BOOK REVIEWS
Thierry Sanjuan, La Chine. Territoire et société
LA Chine est un vaste échiquier sur lequel se joue une partie aussi dynamique que compliquée. Une meilleure appréhension de cet espace, notamment de ses régions et de leurs propriétés géographiques, est depuis longtemps une nécessité, tant intellectuelle qu'économique. Et bien qu'il existe de nombreuses études sur la géographie de la Chine, le volume de Thierry Sanjuan a le mérite distinct d'analyser les orientations dynamiques des évolutions de l'espace chinois en fonction des mutations de la société.
L'auteur débute son texte en décrivant de façon claire et succincte les fondements de la civilisation chinoise, sa pérennité et son empreinte territoriale, en reprenant, notamment, la dichotomie traditionnelle entre les zones intérieures et le littoral. De façon plus caractéristique, on saura gré à l'auteur de démontrer non seulement comment l'architecture territoriale de la Chine a été influencée par des conditions historiques et politiques, mais également comment les « idéologies »  modernité, nationalisme, communisme, etc.  ont partiellement été façonnées par les conditions géographiques. Cette démarche permet d'ailleurs d'apprécier l'importance du « localisme » et le rôle des réseaux familiaux, professionnels et régionaux dans la structuration spatiale économique et sociale du pays.
Thierry Sanjuan brosse ensuite un portrait des transformations profondes qu'a connue la Chine au cours des vingt dernières années. L'auteur démontre comment l'installation d'un système social et productif d'inspiration socialiste a permis à la Chine de reconstruire son espace transactionnel, conçu comme le préliminaire indispensable à l'adoption d'un programme de modernisation fondé sur une politique d'ouverture à l'étranger. L'auteur éclaire alors avec finesse les effets de la présence étrangère, laquelle a créé un malaise identitaire et a imposé une relecture des paysages et de la société.

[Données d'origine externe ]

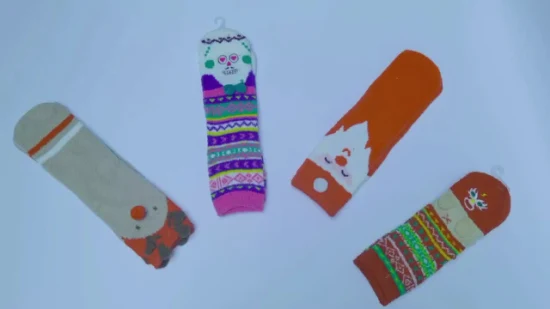 Christmas Warm Cute Deer Cartoon Pattern Coral Fleece Indoor Socks for Women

Pour terminer, Thierry Sanjuan explique comment les mutations démographiques et économiques ont entraîné une recomposition des espaces géographiques, surtout de l'armature urbaine. L'auteur met en perspective le modèle historique de développement urbain de la période maoïste avec celui émergeant de ville-mondiale. La croissance des revenus et la montée d'une classe moyenne urbaine créent une nouvelle dynamique. Cette analyse critique permet à l'auteur d'effectuer une démonstration convaincante s'agissant des limites de certains paradigmes sur les mégalopoles asiatiques et de souligner que les mégalopoles chinoises sont riches de diversité. Cette partie représente sans aucun doute le point le plus fort du volume.
Thierry Sanjuan accorde une importance particulière à la société dans la gestion du territoire. Il nous offre une perspective originale sur les problèmes d'aménagement de l'espace vus à travers l'évolution de la société chinoise. L'auteur puise dans différentes thématiques pour mesurer leurs impacts régionaux : en cela, il offre un très bon portrait des conditions du développement. En revanche, quelques pages plus détaillées sur les réseaux de transport et les corridors géographiques de développement auraient certainement permis de mieux mettre en évidence l'aspect relationnel de la direction du changement.
La Chine. Territoire et société est un ouvrage très bien écrit, abondamment référencé et très fourni en cartes et autres fiches de lecture. Il permet au plus large public de mieux comprendre les conséquences géographiques du changement social et d'identifier certains enjeux du développement que seule une étude approfondie de la géographie chinoise peut mettre en lumière.